Pictures are to be omitted. Output only the lines from the one containing "Alvord Starlit Night Climbing" through the end of the data, word for word.

---------- DATA FOR THIS TASK ----------

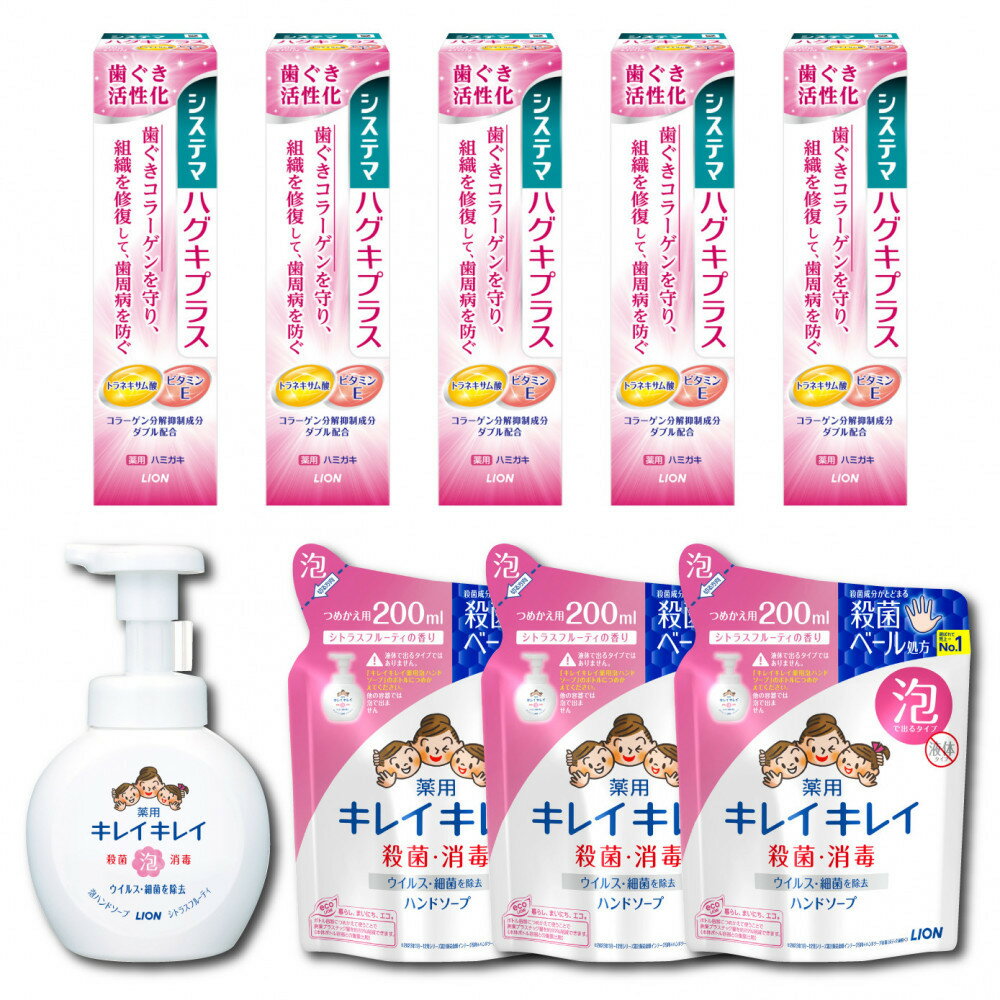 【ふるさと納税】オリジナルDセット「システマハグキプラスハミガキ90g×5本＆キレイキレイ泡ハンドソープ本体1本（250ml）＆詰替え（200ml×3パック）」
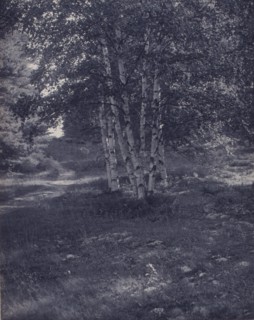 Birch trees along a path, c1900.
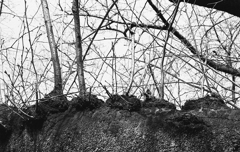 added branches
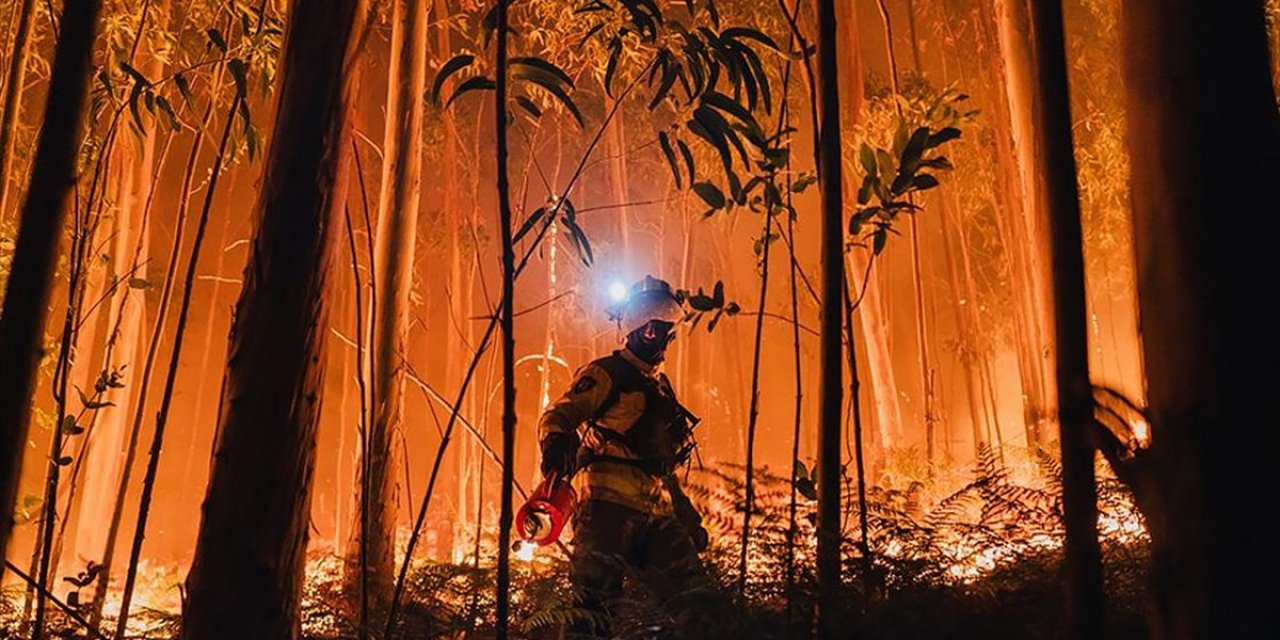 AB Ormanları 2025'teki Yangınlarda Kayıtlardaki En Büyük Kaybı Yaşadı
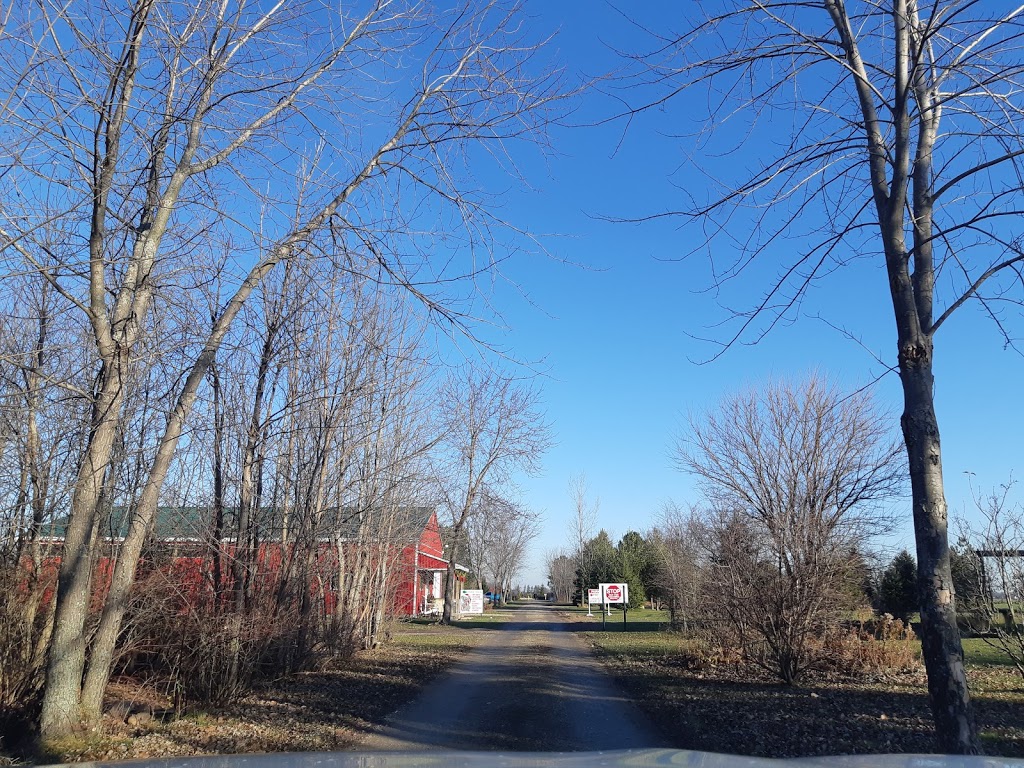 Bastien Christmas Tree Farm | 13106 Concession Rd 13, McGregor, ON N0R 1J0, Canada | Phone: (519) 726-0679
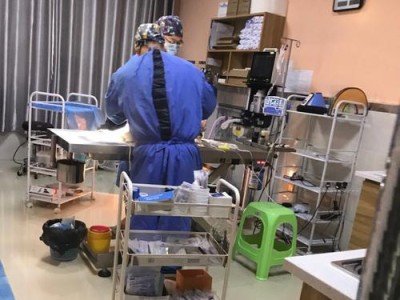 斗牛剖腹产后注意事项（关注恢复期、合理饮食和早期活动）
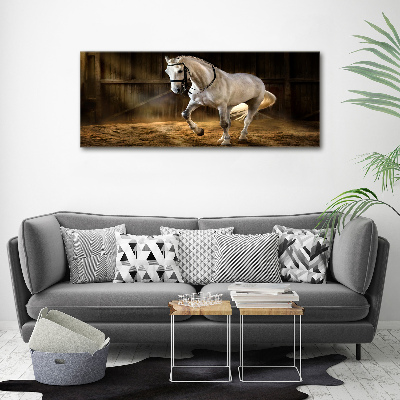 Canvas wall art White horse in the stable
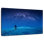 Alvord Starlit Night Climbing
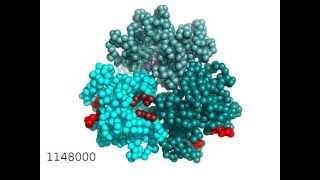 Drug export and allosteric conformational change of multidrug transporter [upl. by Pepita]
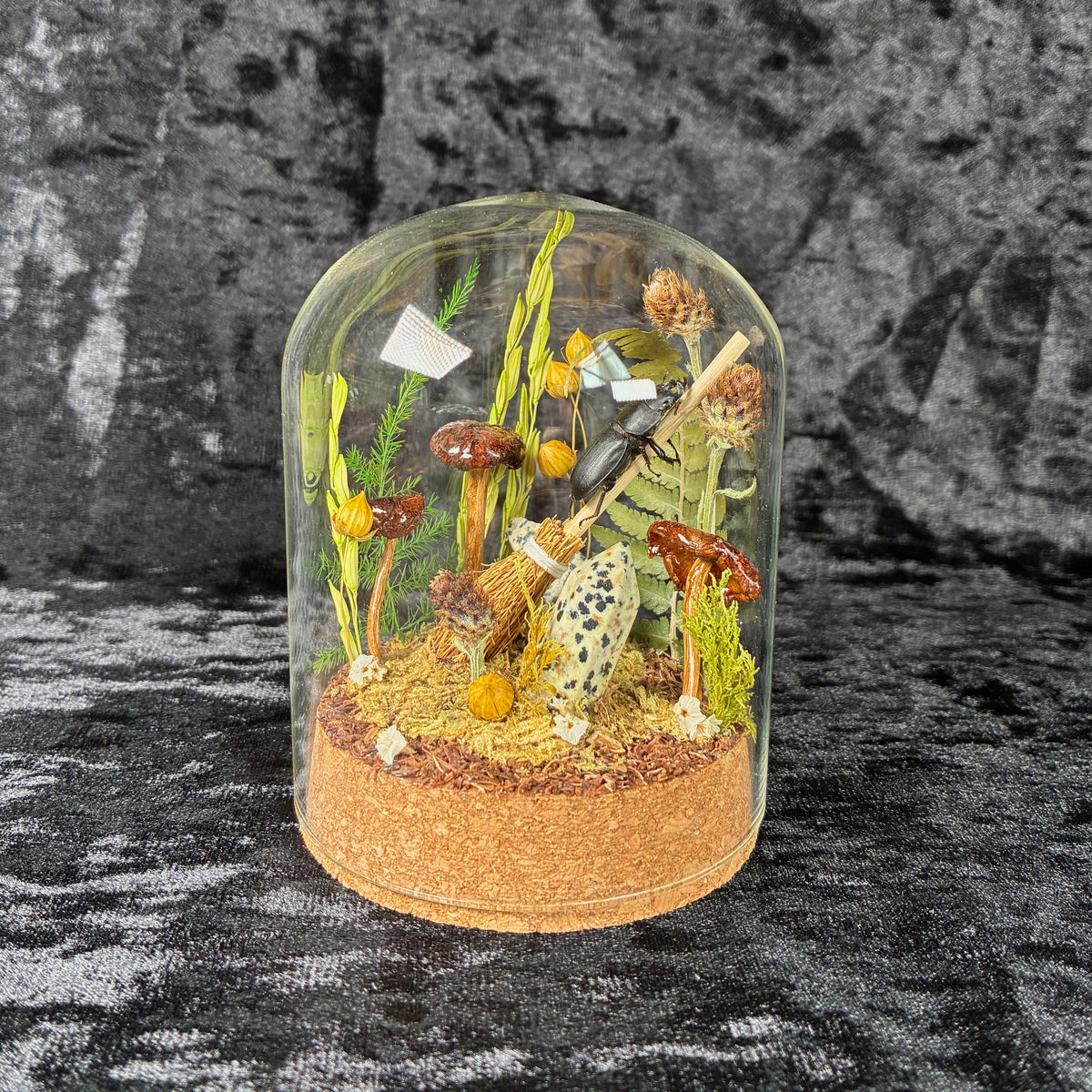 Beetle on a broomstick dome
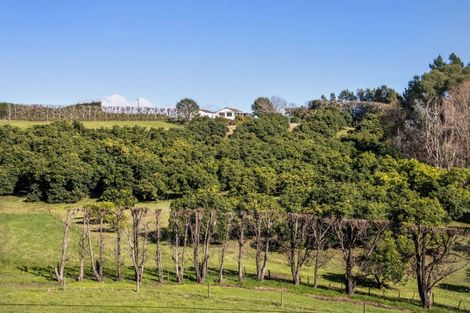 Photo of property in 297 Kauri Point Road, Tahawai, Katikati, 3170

----------

ANSWER SPACE »
 Alvord Starlit Night Climbing
 Drug export and allosteric conformational change of multidrug transporter [upl. by Pepita]
 Beetle on a broomstick dome
 Photo of property in 297 Kauri Point Road, Tahawai, Katikati, 3170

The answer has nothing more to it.